**Work to complete**
Repeat the whole listing exactly as written.

**Extracted records**
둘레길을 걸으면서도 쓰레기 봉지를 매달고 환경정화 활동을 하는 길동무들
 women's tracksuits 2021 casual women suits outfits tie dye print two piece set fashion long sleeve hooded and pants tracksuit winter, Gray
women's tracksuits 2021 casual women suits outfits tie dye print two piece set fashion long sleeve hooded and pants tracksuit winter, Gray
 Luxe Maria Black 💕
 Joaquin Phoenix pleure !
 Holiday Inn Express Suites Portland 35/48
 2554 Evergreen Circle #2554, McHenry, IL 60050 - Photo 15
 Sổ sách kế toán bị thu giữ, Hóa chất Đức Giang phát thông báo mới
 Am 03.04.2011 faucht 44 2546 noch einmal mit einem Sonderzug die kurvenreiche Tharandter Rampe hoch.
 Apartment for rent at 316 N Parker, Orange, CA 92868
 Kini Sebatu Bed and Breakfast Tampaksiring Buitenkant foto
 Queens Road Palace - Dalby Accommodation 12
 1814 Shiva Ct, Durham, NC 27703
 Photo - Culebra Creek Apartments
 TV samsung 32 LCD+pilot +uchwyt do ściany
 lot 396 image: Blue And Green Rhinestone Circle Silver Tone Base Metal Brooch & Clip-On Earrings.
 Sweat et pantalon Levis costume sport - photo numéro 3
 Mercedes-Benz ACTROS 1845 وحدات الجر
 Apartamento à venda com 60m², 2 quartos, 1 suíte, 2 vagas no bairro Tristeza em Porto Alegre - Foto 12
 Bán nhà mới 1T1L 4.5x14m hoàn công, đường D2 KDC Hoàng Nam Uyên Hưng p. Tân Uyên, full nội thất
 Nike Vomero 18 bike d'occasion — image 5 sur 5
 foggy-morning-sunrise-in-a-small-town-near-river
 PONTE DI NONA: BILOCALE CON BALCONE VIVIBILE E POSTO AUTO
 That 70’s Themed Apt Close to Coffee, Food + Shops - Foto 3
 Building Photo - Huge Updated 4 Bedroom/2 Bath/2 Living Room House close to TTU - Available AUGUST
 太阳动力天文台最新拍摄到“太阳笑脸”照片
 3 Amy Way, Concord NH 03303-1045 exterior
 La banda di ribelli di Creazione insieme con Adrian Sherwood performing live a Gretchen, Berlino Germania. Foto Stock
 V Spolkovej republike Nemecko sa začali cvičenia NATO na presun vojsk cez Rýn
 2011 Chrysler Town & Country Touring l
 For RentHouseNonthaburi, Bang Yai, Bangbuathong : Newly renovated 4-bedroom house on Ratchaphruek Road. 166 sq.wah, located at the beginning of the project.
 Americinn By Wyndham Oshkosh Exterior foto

**Problem solution**
둘레길을 걸으면서도 쓰레기 봉지를 매달고 환경정화 활동을 하는 길동무들
 women's tracksuits 2021 casual women suits outfits tie dye print two piece set fashion long sleeve hooded and pants tracksuit winter, Gray
women's tracksuits 2021 casual women suits outfits tie dye print two piece set fashion long sleeve hooded and pants tracksuit winter, Gray
 Luxe Maria Black 💕
 Joaquin Phoenix pleure !
 Holiday Inn Express Suites Portland 35/48
 2554 Evergreen Circle #2554, McHenry, IL 60050 - Photo 15
 Sổ sách kế toán bị thu giữ, Hóa chất Đức Giang phát thông báo mới
 Am 03.04.2011 faucht 44 2546 noch einmal mit einem Sonderzug die kurvenreiche Tharandter Rampe hoch.
 Apartment for rent at 316 N Parker, Orange, CA 92868
 Kini Sebatu Bed and Breakfast Tampaksiring Buitenkant foto
 Queens Road Palace - Dalby Accommodation 12
 1814 Shiva Ct, Durham, NC 27703
 Photo - Culebra Creek Apartments
 TV samsung 32 LCD+pilot +uchwyt do ściany
 lot 396 image: Blue And Green Rhinestone Circle Silver Tone Base Metal Brooch & Clip-On Earrings.
 Sweat et pantalon Levis costume sport - photo numéro 3
 Mercedes-Benz ACTROS 1845 وحدات الجر
 Apartamento à venda com 60m², 2 quartos, 1 suíte, 2 vagas no bairro Tristeza em Porto Alegre - Foto 12
 Bán nhà mới 1T1L 4.5x14m hoàn công, đường D2 KDC Hoàng Nam Uyên Hưng p. Tân Uyên, full nội thất
 Nike Vomero 18 bike d'occasion — image 5 sur 5
 foggy-morning-sunrise-in-a-small-town-near-river
 PONTE DI NONA: BILOCALE CON BALCONE VIVIBILE E POSTO AUTO
 That 70’s Themed Apt Close to Coffee, Food + Shops - Foto 3
 Building Photo - Huge Updated 4 Bedroom/2 Bath/2 Living Room House close to TTU - Available AUGUST
 太阳动力天文台最新拍摄到“太阳笑脸”照片
 3 Amy Way, Concord NH 03303-1045 exterior
 La banda di ribelli di Creazione insieme con Adrian Sherwood performing live a Gretchen, Berlino Germania. Foto Stock
 V Spolkovej republike Nemecko sa začali cvičenia NATO na presun vojsk cez Rýn
 2011 Chrysler Town & Country Touring l
 For RentHouseNonthaburi, Bang Yai, Bangbuathong : Newly renovated 4-bedroom house on Ratchaphruek Road. 166 sq.wah, located at the beginning of the project.
 Americinn By Wyndham Oshkosh Exterior foto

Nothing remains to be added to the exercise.